Наступило время христианского нового года, и я отправился в караул. По дороге проходили мимо редакции, где продавались газеты. Мне захотелось купить газету, чтобы узнать новости. К редакции нельзя было протолкнуться, там была большая толпа, большей частью солдаты, а также женщины, чьи мужья были солдатами запаса, которым суждено было со дня на день расстаться со своими семьями и ехать на войну.

Я все же пробился и купил газету, и там таки были новости, имевшие к нам отношение. Мы пришли в караульное помещение и начали читать газету. В ней писалось, что Япония потопила наши российские корабли, а Англия передала Японии много военных кораблей. Из газеты я узнал, что Япония готовилась к этой войне 25 лет, ибо она знала, что для ведения войны с Россией надо обладать очень большими резервами и что по сравнению с Россией она что комар против льва. Сообщалось также, что Англия очень настраивает Японию на войну с Россией. Японцы, живущие в Порт-Артуре, уже покидают город, некоторые японские корабли несколько раз приближались к Порт-Артуру. Писалось, что из всех войн, которые вела Россия, предстоящая с Японией будет самой большой. Можно себе представить что творилось у нас на сердце, узнав такую новость.

Мы провели в карауле сутки. В 12 часов следующего дня нас сменили, и мы пошли в казарму. Идя по улице, увидели группы людей, обсуждавших предстоящие события.

В казарме мы застали ротного командира вместе с батальонным, вся рота была построена. Мы еще не успели снять подсумки с патронами, как нам приказали стать в строй.

Ко мне подошел ротный командир и спросил не хочу ли я поехать на Дальний Восток. Я не знал что ему ответить, сердце сильно начало стучать. Я подумал, что поездки на Дальний Восток мне не избежать, и ротному ответил, что добровольно ехать не хочу, но если мне прикажут, то обязательно это сделаю. Тут ротный обратился к батальонному командиру, что поскольку надо отобрать 5 человек из нашей роты ,а добровольно никто ехать не желает, то более правильно будет тащить жребий, и поедет тот, кому выпадет счастье. Батальонный согласился, что так будет вернее. Сразу же заготовили бумажки и стали испытывать свою счастливую судьбу.
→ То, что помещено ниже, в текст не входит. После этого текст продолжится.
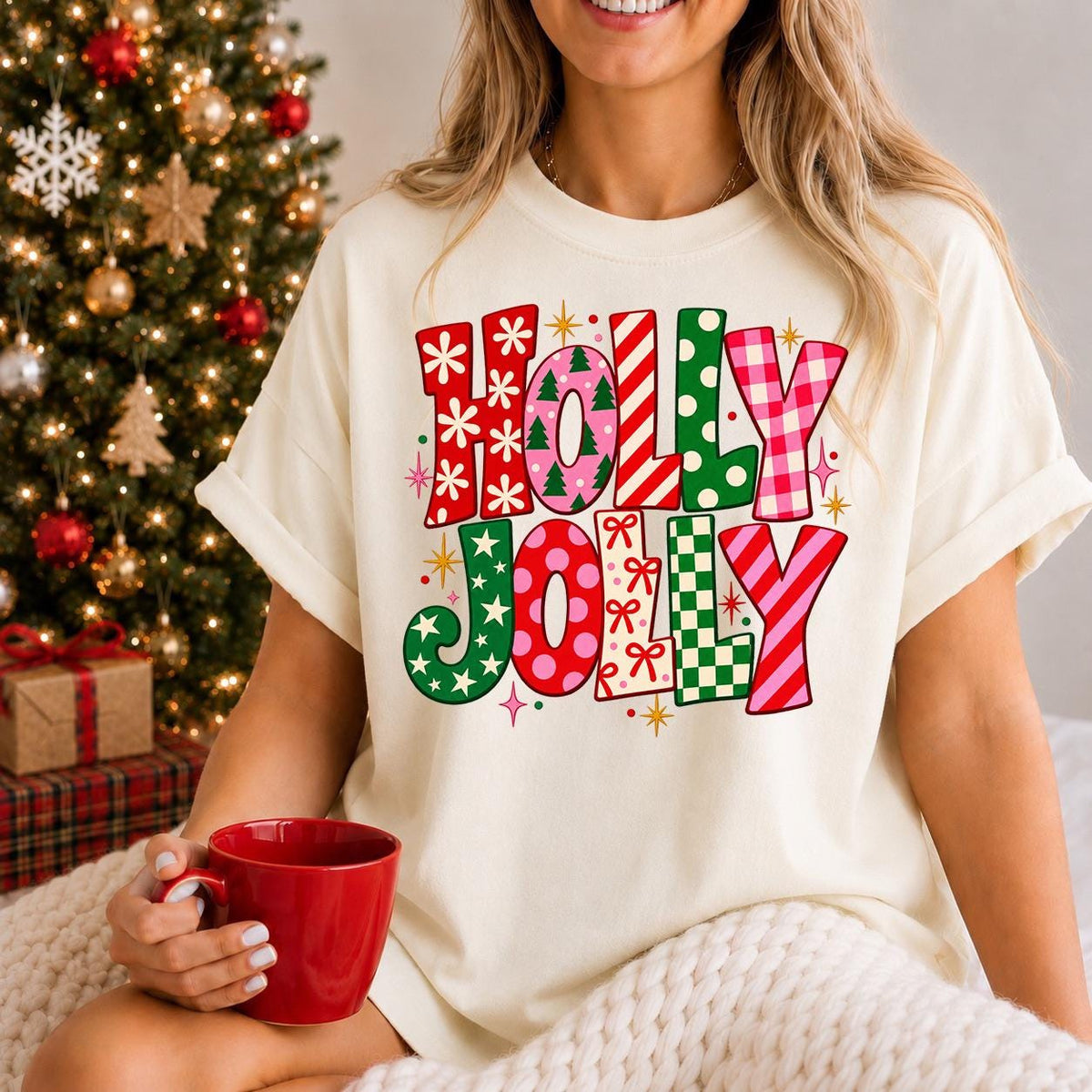 Holly Jolly Christmas Shirt, Pink Christmas Sweatshirt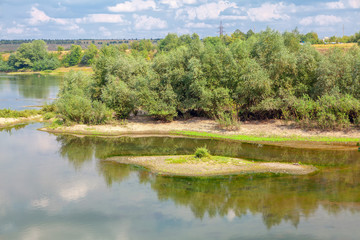 scenery with small green islands on the river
Когда наступила моя очередь, я вытащил пустую бумажку, два слова "Дальний Восток" на ней не были написаны. Ротный командир сразу же сказал, что я могу выйти из строя. Невеселый удел выпал пяти христианам. Трое из них уже служили последний год, к выходу в запас им оставалось менее полугода, двое других были молодыми ребятами четвертого года, недавно начавшие военную службу. Они еще не прослужили и двух месяцев, и теперь они должны уже ехать в дальний край.

Этим пяти солдатам выдали первосортное обмундирование, всю амуницию и предупредили, чтобы они были готовы, ибо 9-го января уже должны будут уехать. Ротный командир ушел на свою квартиру, и я спросил у фельдфебеля что будет дальше. Он ответил, что от главного военного начальника пришла вторая телеграмма, чтобы от каждой роты отобрали по 5 человек, которые также должны быть готовы, так как 9-го января в Витебск приедут выделенные солдаты со всего Виленского округа и их отправят вместе с нашими. К ним придадут стрелковые полки, стоящие в Маньчжурии.
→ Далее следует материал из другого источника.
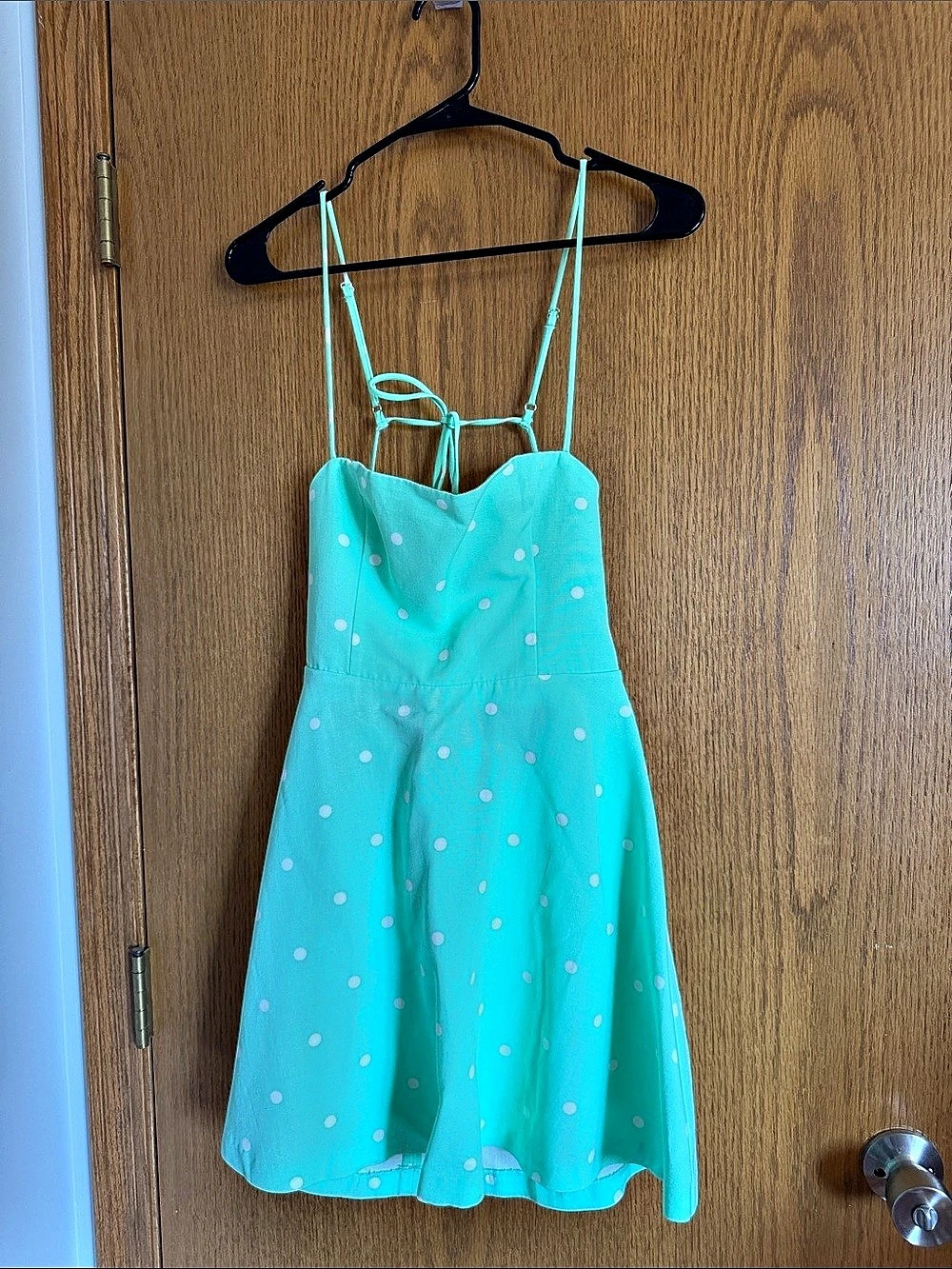 Zara Polka Dot Linen Blend Mini Dress Green & White Medium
Наступило 8-е января. В Витебск съехались выделенные солдаты со всего округа. Их разместили на одни сутки в наши казармы и в течение этих суток они гуляли. Они говорили, что один только Б-г знает, доведется ли еще увидеться с родителями, так надо хоть самым немного повеселиться.

Назавтра, 9-го января, в десять утра состоялась их отправка. Съехалось все начальство, солдат с надетой на них тяжелой амуницией построили. Как только они тронулись с места, заиграли два военных оркестра. По пути к вокзалу нельзя было пройти по улице - так много было народа. А на вокзале теснота была еще большей.

Сразу же подали эшелон. В вагонах уже были сооружены нары, покрытые соломой. У изголовья стояли пирамиды для винтовок. Как только раздался первый звонок, по сигналу горнистов началась посадка в вагоны. Маршевые солдаты прощались с остающимися товарищами. Раздались последний звонок и последний сигнал, играла музыка, публика начала кричать ура, от шума невозможно было устоять на платформе. Паровоз подал свисток, и поезд тронулся с места.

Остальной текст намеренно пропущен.